Exercise brief - Note the line containing "Natural Rapport Freeze-Dried"; from it through the last line below, give only those lines again, exactly, both ends included, skipping pictures.
+++ Data supplied +++
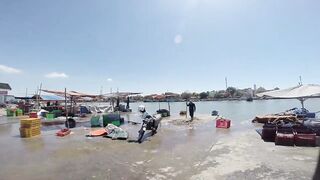 Фантьет, 2018 — рыбный рынок: уловы ночных лодок и свежая наживка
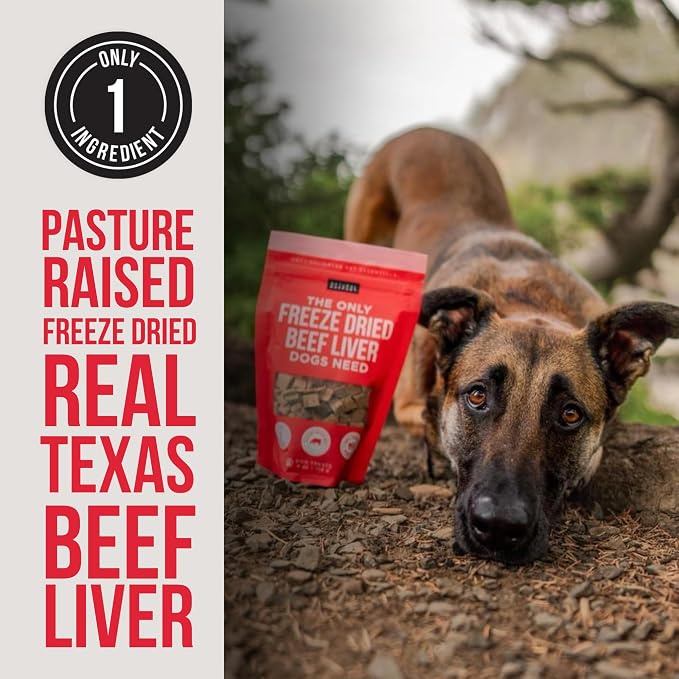 Natural Rapport Freeze-Dried Beef Liver Treats, Single Ingredient, 8 oz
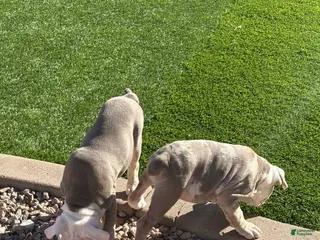 Olde English Bulldogge dogs Olde English Bulldogge Puppy 2 - Ad 3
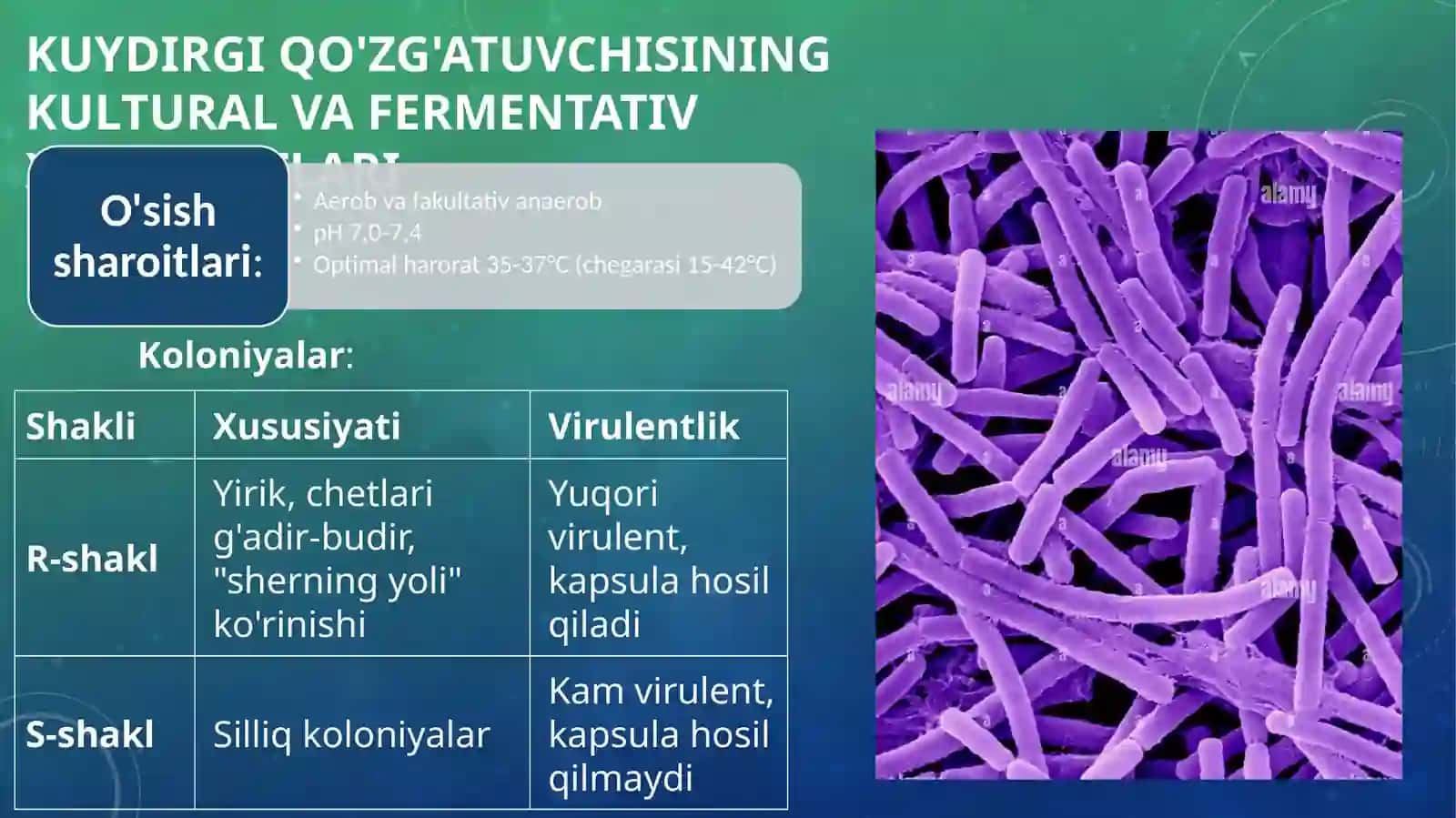 O'TA XAVFLI INFEKSIYALAR: KUYDIRGI VA BRUTSELLYOZ QO'ZG'ATUVCHILARINI TASNIFI VA LABORATORIYA TASHXISI 4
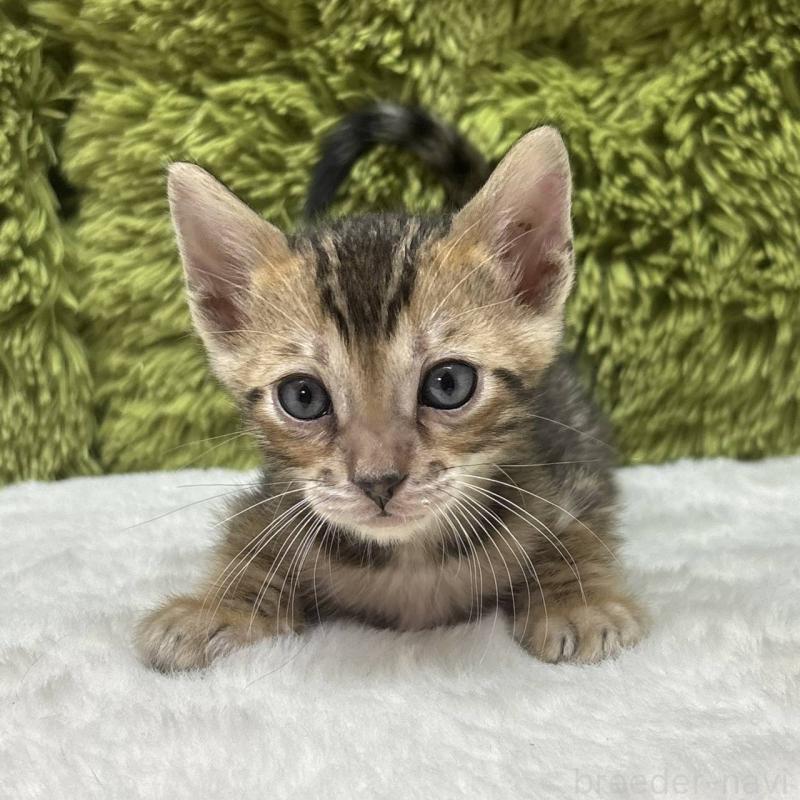 販売中の愛知県のベンガル-132941の2枚目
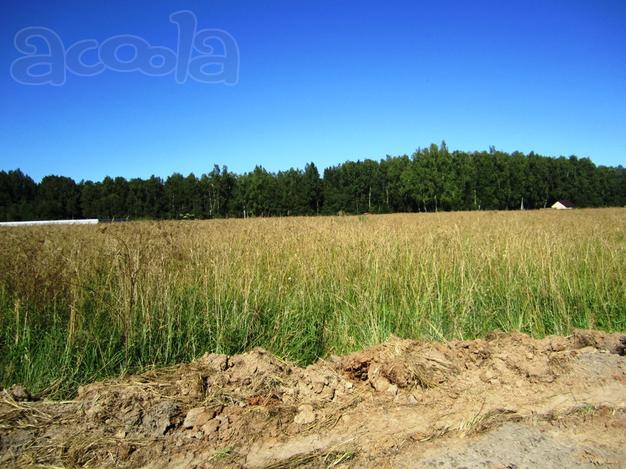 Земельные участки от 8 соток в Дачном поселке, в районе дер. Растовцы, Талдомского района.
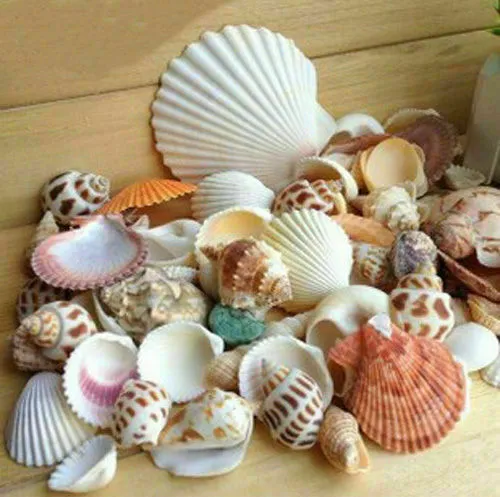 Natural Sea Shells Beach Wedding Display Craft Aquarium Decor Nautical Mixed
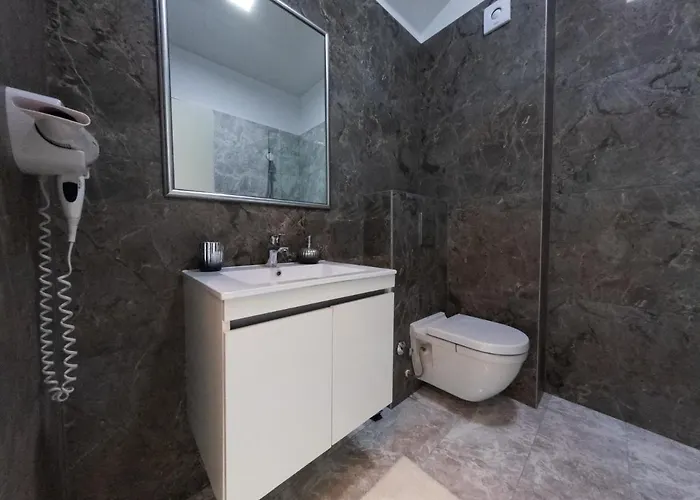 Building Stefan Navodari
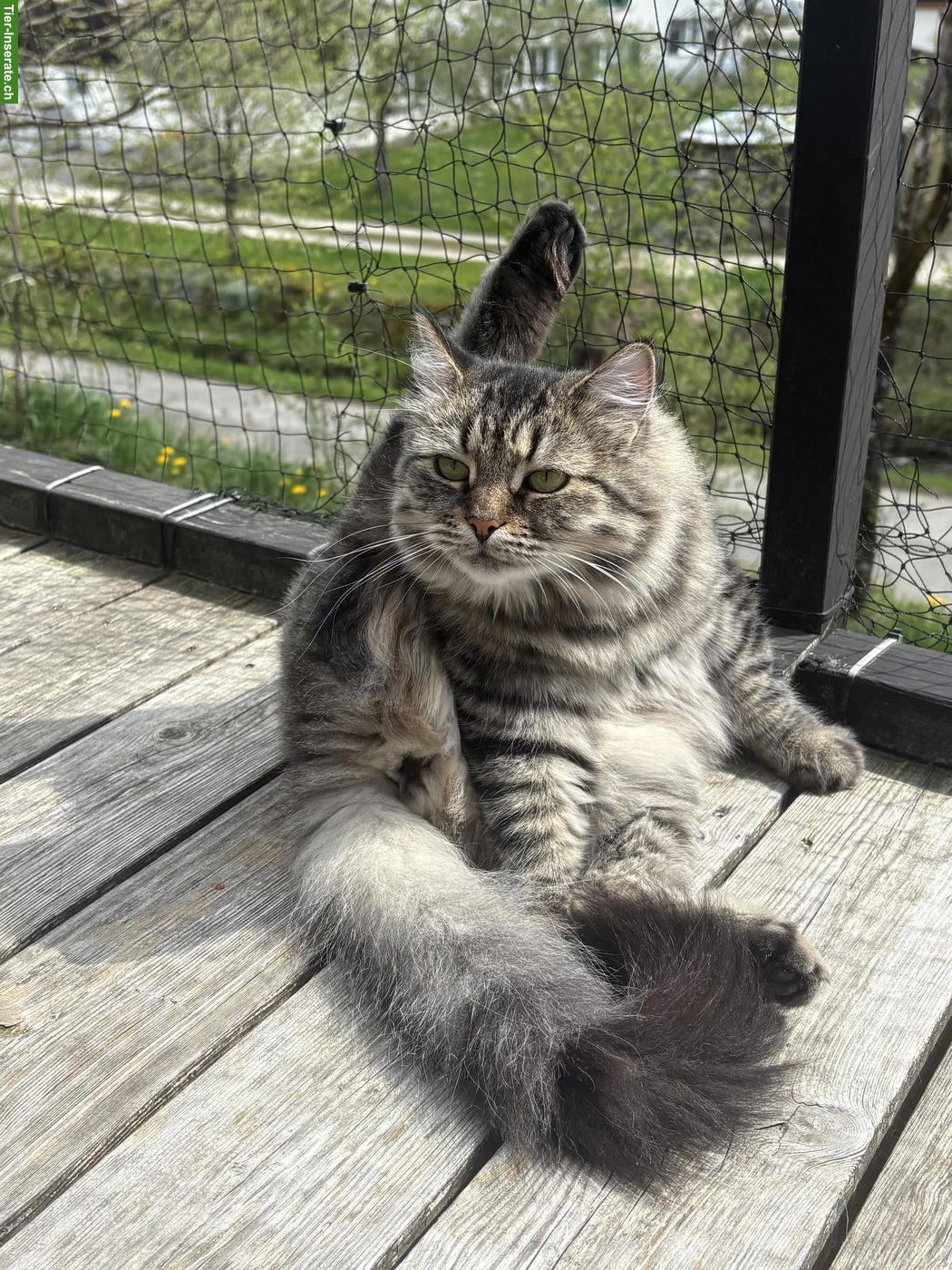 Sibirische Katze mit Stammbaum sucht ihr Paradies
+++
The answer -
 Natural Rapport Freeze-Dried Beef Liver Treats, Single Ingredient, 8 oz
 Olde English Bulldogge dogs Olde English Bulldogge Puppy 2 - Ad 3
 O'TA XAVFLI INFEKSIYALAR: KUYDIRGI VA BRUTSELLYOZ QO'ZG'ATUVCHILARINI TASNIFI VA LABORATORIYA TASHXISI 4
 販売中の愛知県のベンガル-132941の2枚目
 Земельные участки от 8 соток в Дачном поселке, в районе дер. Растовцы, Талдомского района.
 Natural Sea Shells Beach Wedding Display Craft Aquarium Decor Nautical Mixed
 Building Stefan Navodari
 Sibirische Katze mit Stammbaum sucht ihr Paradies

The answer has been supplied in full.